Nearly every client I work with has a hard time disconnecting from work.

Their minds are constantly re-hashing conversations, reconsidering strategies, worrying about what’s in their email.

The build-up of anxieties drives them to obsessively check their emails to see whether they have missed anything or gotten any feedback on their most recent projects.

Every time they check their emails, they are either “rewarded” with radio silence–Wahoo! I can relax for a minute!–or they receive more evidence that they cannot, ever, disconnect–Good thing I checked my email and can respond to this emergency right away!

Over time, this pattern disconnects us from our friends, family, and loved ones and creates an obsessive compulsive relationship with our phones and our jobs.

My clients want to be able to disconnect. They want to be present with their loved ones.

They want to enjoy a nice meal with their spouse and talk about something other than work.

They want to silence the chaos in their minds and focus only on what is happening in that moment.

They want to be able to put down their phones and make time to relax every day.

They know that if they don’t stop this pattern, every relationship outside of work is going to suffer and their mental well-being will erode.

But they BELIEVE they can’t stop. They BELIEVE disconnecting isn’t an option.

Sound familiar? Work with me and learn the foundational steps to protect your well-being and learn how to disconnect.

In order to fully commit to our profession, it means also making a commitment to show up as our best selves. It means investing in rest and life outside of work so that we can be fully engaged when we are working. To do otherwise is to cut our careers off at its knees because what we create is not sustainable.

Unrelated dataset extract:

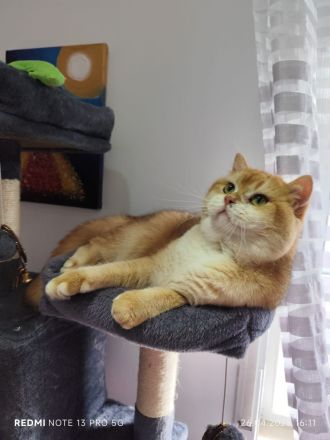 BKH Gold Shaded Farben Deckkater.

Obsessive commitment to anything is not sustainable.

Recognize where your life is out of balance and endeavor to find pockets of rest and disconnection. Allow your brain to freak out every time you step away but honor yourself and your long-term wellbeing by making disconnection a priority. It WILL get easier with practice.

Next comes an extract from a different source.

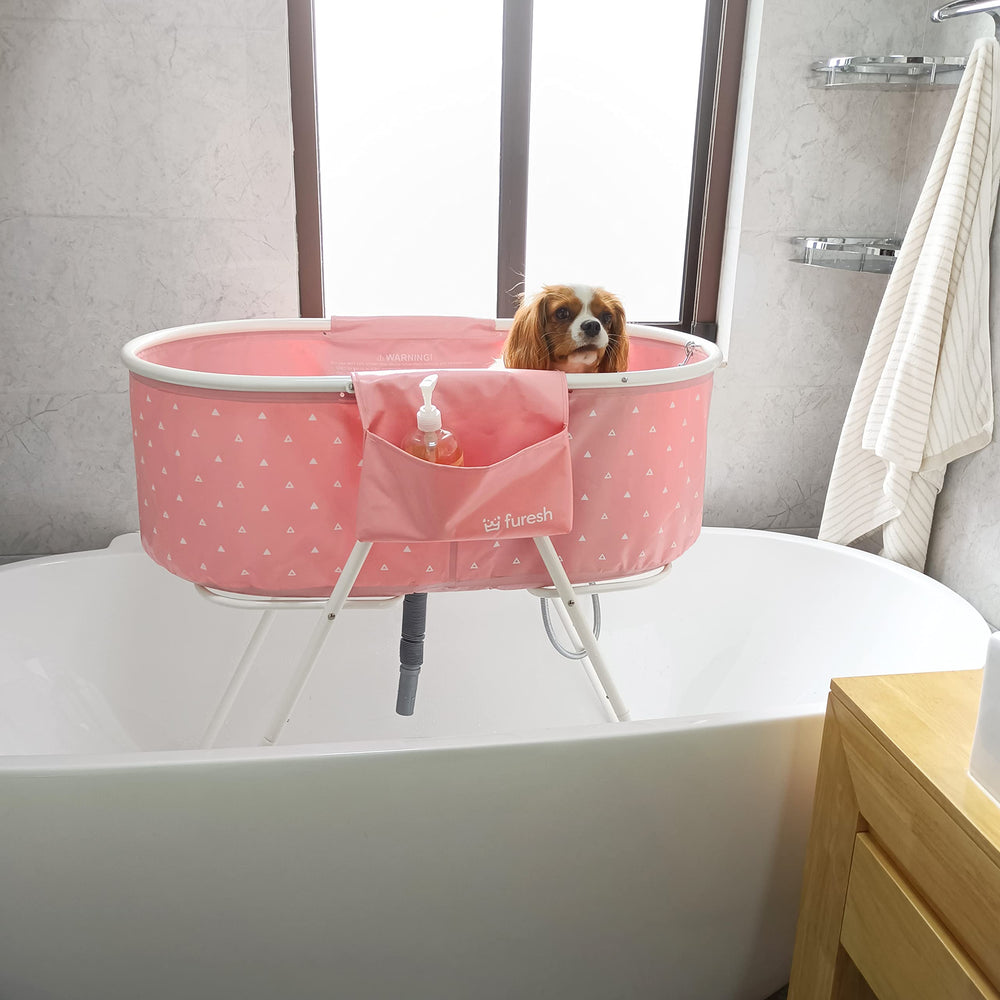 Furesh Little Dipper aluminum frame stays sturdy during grooming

Your future self will thank you.

When we don’t practice disconnection and rest, we instead practice NOT disconnecting and NOT slowing down. We strengthen those muscles which ultimately makes any kind of balance even more difficult.

Today, I encourage you to find a pocket of space to reconnect with yourself.

You are not the job.

You are so much more than that.

Spend some time with your real self today. She might have some things to say to you.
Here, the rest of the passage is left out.